Allez ! Soyons encyclopédique, pour une fois. « Scherzo » désigne ordinairement le troisième morceau d'une sonate ou d'une symphonie, du moins depuis Beethoven. Le scherzo beethovénien, comme son nom l'indique (en italien : scherzare = badiner), est un morceau léger et spirituel, toujours d'un mouvement vif. Il n'a pas de mesure fixe, et on en trouve indifféremment à deux ou trois temps.  Et d’un.

La compagnie B.A.L (Bal d’Arts Légers) est née avec le « Li-vre de l’Intranquillité », créé au TNN en juin 2003, pendant la quinzaine des compagnies. Elle est fondée par Thierry Vincent, et Elodie Tampon-Lajarriette  Avec un nom comme celui-ci, vous voulez faire autre chose que du théâtre, vous ? La compagnie entre en résidence au Centre Culturel de la Providence en 2004 et crée « Duodédale », dudit Thierry. En 2005 la compagnie récidive avec un nouvel O.T.N.I (Objet Théâtral Non Identifié), « Scherzo ». Et de deux.
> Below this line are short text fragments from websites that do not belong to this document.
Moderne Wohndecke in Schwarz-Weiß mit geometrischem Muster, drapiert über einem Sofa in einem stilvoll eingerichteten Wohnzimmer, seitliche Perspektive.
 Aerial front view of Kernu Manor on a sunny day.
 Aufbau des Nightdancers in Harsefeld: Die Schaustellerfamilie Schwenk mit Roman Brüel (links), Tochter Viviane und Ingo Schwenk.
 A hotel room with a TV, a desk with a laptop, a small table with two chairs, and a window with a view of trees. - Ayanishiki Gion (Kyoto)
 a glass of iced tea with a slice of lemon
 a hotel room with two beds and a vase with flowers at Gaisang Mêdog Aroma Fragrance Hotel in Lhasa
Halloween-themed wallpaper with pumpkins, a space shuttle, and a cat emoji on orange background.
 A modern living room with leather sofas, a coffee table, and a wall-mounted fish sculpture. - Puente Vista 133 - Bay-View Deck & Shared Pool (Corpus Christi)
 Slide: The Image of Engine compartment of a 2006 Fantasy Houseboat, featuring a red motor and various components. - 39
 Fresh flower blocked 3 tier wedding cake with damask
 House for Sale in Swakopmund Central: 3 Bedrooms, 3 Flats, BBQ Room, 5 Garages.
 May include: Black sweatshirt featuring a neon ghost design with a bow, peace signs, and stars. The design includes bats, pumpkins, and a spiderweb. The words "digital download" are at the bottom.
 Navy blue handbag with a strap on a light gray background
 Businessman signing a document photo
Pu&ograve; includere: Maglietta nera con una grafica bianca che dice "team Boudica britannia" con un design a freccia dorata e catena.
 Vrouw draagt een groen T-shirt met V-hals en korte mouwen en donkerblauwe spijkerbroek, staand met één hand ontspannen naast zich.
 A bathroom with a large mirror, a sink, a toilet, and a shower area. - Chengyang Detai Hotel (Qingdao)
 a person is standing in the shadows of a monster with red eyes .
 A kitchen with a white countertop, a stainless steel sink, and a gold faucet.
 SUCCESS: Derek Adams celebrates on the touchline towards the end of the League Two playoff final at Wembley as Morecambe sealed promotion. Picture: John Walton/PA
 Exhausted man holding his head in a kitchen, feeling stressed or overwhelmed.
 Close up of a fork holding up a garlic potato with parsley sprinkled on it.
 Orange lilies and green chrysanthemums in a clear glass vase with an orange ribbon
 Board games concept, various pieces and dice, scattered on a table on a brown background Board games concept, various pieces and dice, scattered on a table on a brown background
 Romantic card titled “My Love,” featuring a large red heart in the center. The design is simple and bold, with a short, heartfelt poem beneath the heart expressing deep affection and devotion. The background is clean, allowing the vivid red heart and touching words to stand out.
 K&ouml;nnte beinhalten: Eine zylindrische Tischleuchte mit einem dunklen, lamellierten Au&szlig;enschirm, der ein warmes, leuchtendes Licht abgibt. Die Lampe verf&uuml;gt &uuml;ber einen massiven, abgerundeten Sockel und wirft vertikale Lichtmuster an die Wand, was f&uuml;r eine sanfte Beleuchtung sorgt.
Vous me direz : « C’est un peu léger, comme rapport ». Hé bien oui, c’est justement ça : le rapport entre les deux, c’est la légèreté. Car le théâtre, c’est prendre des mots couchés sur du papier et les faire s’envoler, il faut donc qu’ils ne soient pas trop lourds, ou que le porteur lui-même ne soit pas trop « lourd ». Attention :  la légèreté des mots n’est pas leur inconséquence. C’est bien un théâtre de la parole que fait Thierry Vincent, peut nous chaut de savoir la genèse de cette parole : l’existence du gâteau se prouve en le mangeant, non en en lisant la recette. Et pour que ses mots volent, s’envolent, sonnent, il les met dans une rythmique, une gymnique, quasiment une jonglerie. Oui, il y a du

jongleur du Moyen-Âge chez Thierry Vincent.

Il revendique un théâtre de la gaieté. Et, malicieusement, il ajoute « Avec un peu de veine, nous pourrions le trouver ». Le nom de la compagnie le proclame : les mots vont valser.